● Problem to work on:
Output all of the records again, exactly as written.

==*==

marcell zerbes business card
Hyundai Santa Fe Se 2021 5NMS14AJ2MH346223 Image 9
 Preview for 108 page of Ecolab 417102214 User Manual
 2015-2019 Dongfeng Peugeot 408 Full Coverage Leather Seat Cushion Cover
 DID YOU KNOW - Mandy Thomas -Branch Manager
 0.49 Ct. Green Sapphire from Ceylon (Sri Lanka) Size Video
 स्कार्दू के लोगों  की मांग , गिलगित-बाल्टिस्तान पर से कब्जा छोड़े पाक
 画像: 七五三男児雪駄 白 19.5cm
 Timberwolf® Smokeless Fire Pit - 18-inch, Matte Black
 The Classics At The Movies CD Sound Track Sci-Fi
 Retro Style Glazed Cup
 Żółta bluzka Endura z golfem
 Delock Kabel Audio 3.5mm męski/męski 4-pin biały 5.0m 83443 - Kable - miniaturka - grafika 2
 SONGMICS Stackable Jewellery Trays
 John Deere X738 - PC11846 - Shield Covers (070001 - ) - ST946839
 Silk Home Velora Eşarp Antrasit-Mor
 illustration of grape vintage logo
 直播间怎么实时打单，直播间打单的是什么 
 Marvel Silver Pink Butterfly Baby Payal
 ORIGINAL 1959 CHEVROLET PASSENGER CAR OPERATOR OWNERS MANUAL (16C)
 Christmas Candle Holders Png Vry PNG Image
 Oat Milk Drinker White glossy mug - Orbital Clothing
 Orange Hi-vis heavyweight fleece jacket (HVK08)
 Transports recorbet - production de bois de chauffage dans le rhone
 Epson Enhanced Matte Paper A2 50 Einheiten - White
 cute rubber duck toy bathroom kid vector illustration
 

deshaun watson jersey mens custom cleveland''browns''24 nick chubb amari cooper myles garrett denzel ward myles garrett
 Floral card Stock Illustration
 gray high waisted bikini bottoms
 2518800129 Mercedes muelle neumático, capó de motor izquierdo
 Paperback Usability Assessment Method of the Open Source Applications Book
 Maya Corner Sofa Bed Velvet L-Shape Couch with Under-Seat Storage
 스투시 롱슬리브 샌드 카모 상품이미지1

==*==

● Response to the task:
marcell zerbes business card
Hyundai Santa Fe Se 2021 5NMS14AJ2MH346223 Image 9
 Preview for 108 page of Ecolab 417102214 User Manual
 2015-2019 Dongfeng Peugeot 408 Full Coverage Leather Seat Cushion Cover
 DID YOU KNOW - Mandy Thomas -Branch Manager
 0.49 Ct. Green Sapphire from Ceylon (Sri Lanka) Size Video
 स्कार्दू के लोगों  की मांग , गिलगित-बाल्टिस्तान पर से कब्जा छोड़े पाक
 画像: 七五三男児雪駄 白 19.5cm
 Timberwolf® Smokeless Fire Pit - 18-inch, Matte Black
 The Classics At The Movies CD Sound Track Sci-Fi
 Retro Style Glazed Cup
 Żółta bluzka Endura z golfem
 Delock Kabel Audio 3.5mm męski/męski 4-pin biały 5.0m 83443 - Kable - miniaturka - grafika 2
 SONGMICS Stackable Jewellery Trays
 John Deere X738 - PC11846 - Shield Covers (070001 - ) - ST946839
 Silk Home Velora Eşarp Antrasit-Mor
 illustration of grape vintage logo
 直播间怎么实时打单，直播间打单的是什么 
 Marvel Silver Pink Butterfly Baby Payal
 ORIGINAL 1959 CHEVROLET PASSENGER CAR OPERATOR OWNERS MANUAL (16C)
 Christmas Candle Holders Png Vry PNG Image
 Oat Milk Drinker White glossy mug - Orbital Clothing
 Orange Hi-vis heavyweight fleece jacket (HVK08)
 Transports recorbet - production de bois de chauffage dans le rhone
 Epson Enhanced Matte Paper A2 50 Einheiten - White
 cute rubber duck toy bathroom kid vector illustration
 

deshaun watson jersey mens custom cleveland''browns''24 nick chubb amari cooper myles garrett denzel ward myles garrett
 Floral card Stock Illustration
 gray high waisted bikini bottoms
 2518800129 Mercedes muelle neumático, capó de motor izquierdo
 Paperback Usability Assessment Method of the Open Source Applications Book
 Maya Corner Sofa Bed Velvet L-Shape Couch with Under-Seat Storage
 스투시 롱슬리브 샌드 카모 상품이미지1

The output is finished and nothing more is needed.